[Description of the task]:
Every line of the data that contains the string "Shop" must be copied.

(Source data)

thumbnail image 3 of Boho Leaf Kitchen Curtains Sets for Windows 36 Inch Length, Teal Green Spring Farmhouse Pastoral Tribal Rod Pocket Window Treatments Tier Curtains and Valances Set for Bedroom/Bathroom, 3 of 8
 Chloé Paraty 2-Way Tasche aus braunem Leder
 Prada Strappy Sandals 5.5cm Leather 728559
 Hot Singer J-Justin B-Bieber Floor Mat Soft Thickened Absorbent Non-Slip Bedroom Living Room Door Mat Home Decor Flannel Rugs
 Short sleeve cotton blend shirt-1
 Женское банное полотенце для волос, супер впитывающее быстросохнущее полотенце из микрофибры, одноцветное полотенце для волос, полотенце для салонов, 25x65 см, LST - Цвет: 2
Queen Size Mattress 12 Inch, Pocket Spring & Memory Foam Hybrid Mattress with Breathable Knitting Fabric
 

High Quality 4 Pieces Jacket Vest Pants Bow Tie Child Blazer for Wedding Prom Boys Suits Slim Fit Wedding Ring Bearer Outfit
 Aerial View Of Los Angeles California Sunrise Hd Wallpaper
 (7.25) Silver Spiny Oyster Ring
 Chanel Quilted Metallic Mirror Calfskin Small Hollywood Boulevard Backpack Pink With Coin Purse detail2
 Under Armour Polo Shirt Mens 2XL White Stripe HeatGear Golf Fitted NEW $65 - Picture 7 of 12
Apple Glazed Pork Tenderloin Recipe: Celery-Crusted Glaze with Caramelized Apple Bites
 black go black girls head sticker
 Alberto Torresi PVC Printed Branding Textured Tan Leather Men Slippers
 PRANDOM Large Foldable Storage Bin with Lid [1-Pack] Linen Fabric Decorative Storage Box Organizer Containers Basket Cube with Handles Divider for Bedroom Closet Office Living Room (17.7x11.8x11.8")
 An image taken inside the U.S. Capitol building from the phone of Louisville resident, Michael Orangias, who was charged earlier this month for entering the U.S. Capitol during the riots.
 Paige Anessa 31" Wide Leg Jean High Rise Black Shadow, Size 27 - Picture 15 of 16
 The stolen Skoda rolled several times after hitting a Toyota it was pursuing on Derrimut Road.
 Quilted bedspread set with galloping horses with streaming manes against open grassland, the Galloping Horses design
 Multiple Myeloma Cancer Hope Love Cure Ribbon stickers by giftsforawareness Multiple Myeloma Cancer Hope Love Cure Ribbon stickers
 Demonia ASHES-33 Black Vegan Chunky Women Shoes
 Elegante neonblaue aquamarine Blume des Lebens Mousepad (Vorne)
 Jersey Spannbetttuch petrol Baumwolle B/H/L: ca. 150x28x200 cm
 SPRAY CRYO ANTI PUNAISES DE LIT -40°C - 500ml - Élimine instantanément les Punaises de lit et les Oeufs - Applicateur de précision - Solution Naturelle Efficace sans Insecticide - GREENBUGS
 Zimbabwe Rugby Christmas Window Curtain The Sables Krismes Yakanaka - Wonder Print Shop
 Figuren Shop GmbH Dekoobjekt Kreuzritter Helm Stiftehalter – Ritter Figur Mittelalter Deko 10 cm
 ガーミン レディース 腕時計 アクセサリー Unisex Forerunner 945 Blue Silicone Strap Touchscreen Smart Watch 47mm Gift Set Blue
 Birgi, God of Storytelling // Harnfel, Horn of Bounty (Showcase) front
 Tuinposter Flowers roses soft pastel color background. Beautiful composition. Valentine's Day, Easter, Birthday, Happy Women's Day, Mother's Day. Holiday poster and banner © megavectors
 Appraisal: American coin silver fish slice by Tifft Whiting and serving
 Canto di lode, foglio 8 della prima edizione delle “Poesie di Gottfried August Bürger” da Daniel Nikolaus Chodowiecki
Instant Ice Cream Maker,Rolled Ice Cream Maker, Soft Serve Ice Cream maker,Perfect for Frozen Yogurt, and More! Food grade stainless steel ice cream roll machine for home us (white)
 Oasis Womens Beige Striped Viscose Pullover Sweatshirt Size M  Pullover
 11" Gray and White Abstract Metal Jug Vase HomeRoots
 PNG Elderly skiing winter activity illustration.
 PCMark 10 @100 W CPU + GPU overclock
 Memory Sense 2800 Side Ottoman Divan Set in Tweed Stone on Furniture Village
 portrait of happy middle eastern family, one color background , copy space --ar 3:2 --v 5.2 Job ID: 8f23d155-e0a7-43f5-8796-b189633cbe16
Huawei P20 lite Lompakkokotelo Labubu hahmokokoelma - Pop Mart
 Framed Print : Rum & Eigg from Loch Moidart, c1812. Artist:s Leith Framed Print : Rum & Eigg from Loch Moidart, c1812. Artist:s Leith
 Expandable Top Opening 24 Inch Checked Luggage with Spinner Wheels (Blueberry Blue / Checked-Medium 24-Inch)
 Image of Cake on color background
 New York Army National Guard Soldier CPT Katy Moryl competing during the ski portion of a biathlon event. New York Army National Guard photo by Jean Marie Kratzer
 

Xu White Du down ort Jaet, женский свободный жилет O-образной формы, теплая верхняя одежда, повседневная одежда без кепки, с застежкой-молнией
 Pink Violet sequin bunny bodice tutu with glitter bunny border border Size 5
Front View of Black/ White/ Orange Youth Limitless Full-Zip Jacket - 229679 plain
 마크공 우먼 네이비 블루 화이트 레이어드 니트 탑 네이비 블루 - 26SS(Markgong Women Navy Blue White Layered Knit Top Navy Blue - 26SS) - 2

[Solution below]:
 Zimbabwe Rugby Christmas Window Curtain The Sables Krismes Yakanaka - Wonder Print Shop
 Figuren Shop GmbH Dekoobjekt Kreuzritter Helm Stiftehalter – Ritter Figur Mittelalter Deko 10 cm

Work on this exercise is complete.